A ContainerPatch is matched to a Pod via a kuma.io/container-patches annotation on the workload. Each annotation may be an ordered list of ContainerPatch names, which will be applied in the order specified.

Here’s a sample configuration:

apiVersion: apps/v1
kind: Deployment
metadata:
  namespace: app-ns
  name: app-deployment
spec:
  replicas: 1
  selector:
    matchLabels:
      app: app-deployment
  template:
    metadata:
      labels:
        app: app-deployment
      annotations:
        kuma.io/container-patches: container-patch-1,container-patch-2
    spec: [...]

Default patches

You can configure kuma-cp to apply the list of default patches for workloads that don’t specify their own patches by modifying the containerPatches value from the kuma-dp configuration:

[...]
runtime:
  kubernetes:
    injector:
      containerPatches: [ ]
[...]

If you specify the list of default patches (i.e. ["default-patch-1", "default-patch-2]) but your workload is annotated with its own list of patches (for example, ["Pod-patch-1", "Pod-patch-2]) only the latter will be applied.

To install a control plane with environment variables, you can run:

kumactl install control-plane --env-var "KUMA_RUNTIME_KUBERNETES_INJECTOR_CONTAINER_PATCHES=patch1,patch2"

Error modes and validation

When applying ContainerPatch, Kong Mesh validates that the rendered container spec meets the Kubernetes specification.
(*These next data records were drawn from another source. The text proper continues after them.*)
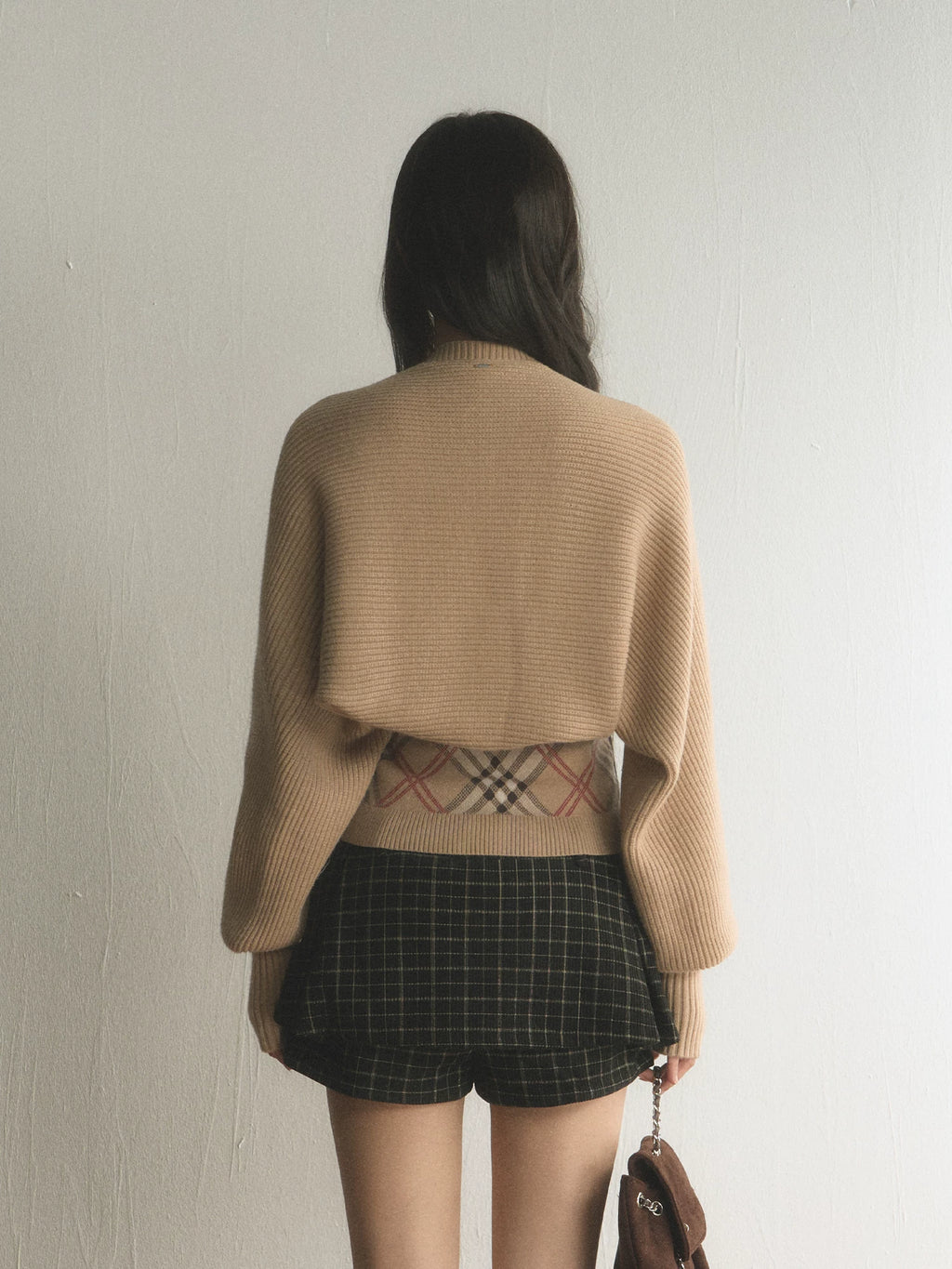 Retro Quilted Tube Top & Knit Vest Set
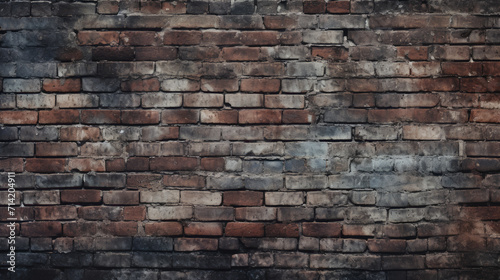 Old brick wall background  desaturated grunge texture or pattern for design. Generative ai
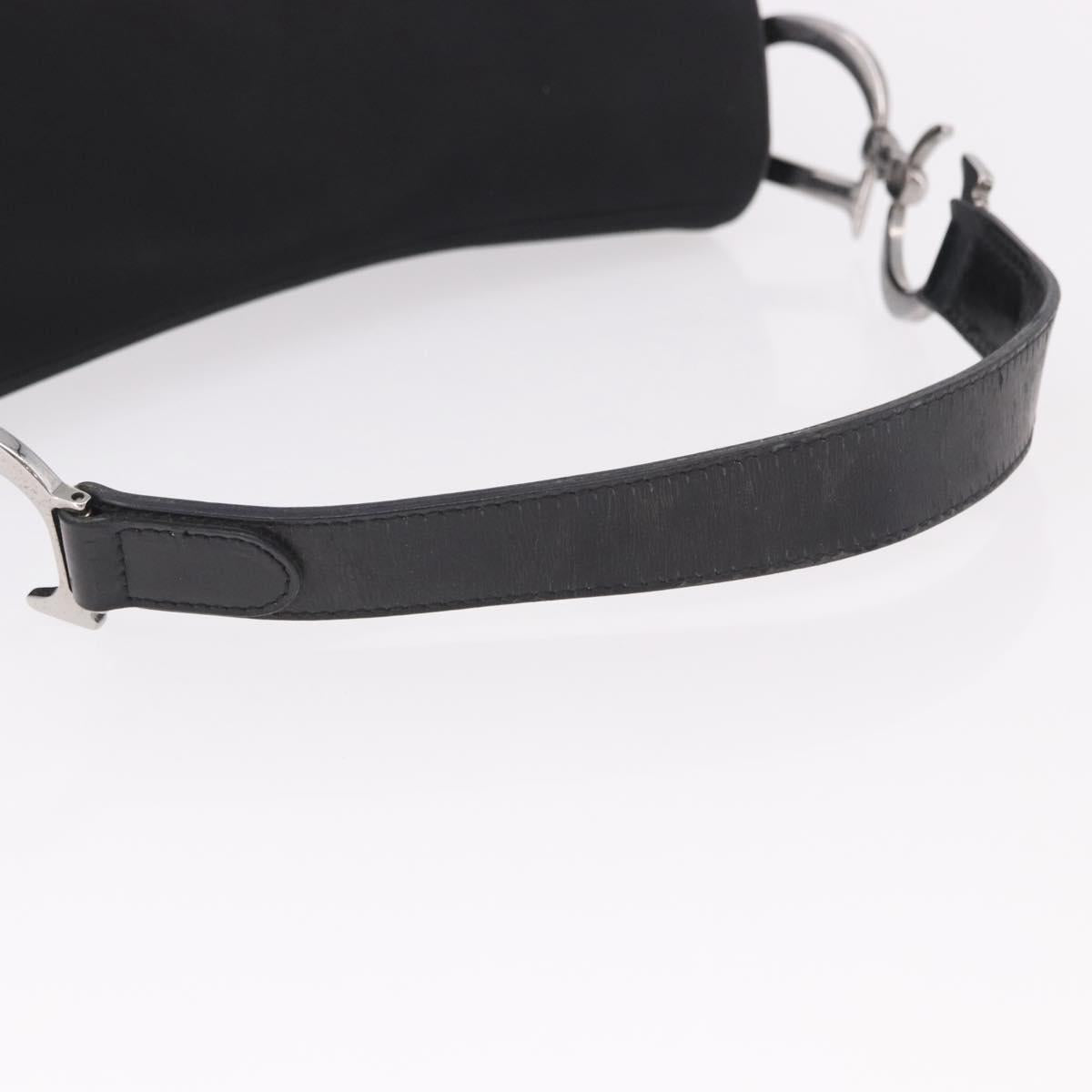 Christian Dior Saddle Shoulder Bag Nylon Black Silver Auth 186635A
However, Kong Mesh doesn’t validate that the configuration works.

If a workload refers to a ContainerPatch that doesn’t exist, the injection will explicitly fail and log the failure.

On Kubernetes, by default:

• Data plane proxies communicate with each other by leveraging the ClusterIP address of the Service resources.
• Any request made to another Service is automatically load-balanced client-side by the data plane proxy that originates the request (they are load balanced by the local Envoy proxy sidecar proxy).

There are situations where you may want to bypass the client-side load balancing and directly access services by using their IP address (for example, in the case of Prometheus scraping metrics from services by their individual IP address).

When an originating Service wants to directly consume other Services by their IP address, the originating Service’s Deployment resource must include the following annotation:

kuma.io/direct-access-services: Service1, Service2, ServiceN

The value is a comma separated list of Kong Mesh Services that will be consumed directly. For example:

apiVersion: apps/v1
kind: Deployment
metadata:
  name: example-app
  namespace: kuma-example
spec:
  ...
  template:
    metadata:
      ...
      annotations:
        kuma.io/direct-access-services: "backend_example_svc_1234,backend_example_svc_1235"
    spec:
      containers:
        ...

When using direct access with a headless Service, the destination Service will be accessible at Kong Mesh-service.pod-name.mesh.

You can also use * to indicate direct access to every Service in the mesh:

kuma.io/direct-access-services: *

• Using * to directly access every Service is a resource-intensive operation.
• Accessing services by using kuma.io/direct-access-services annotation means any policies applied to the Service will not take effect.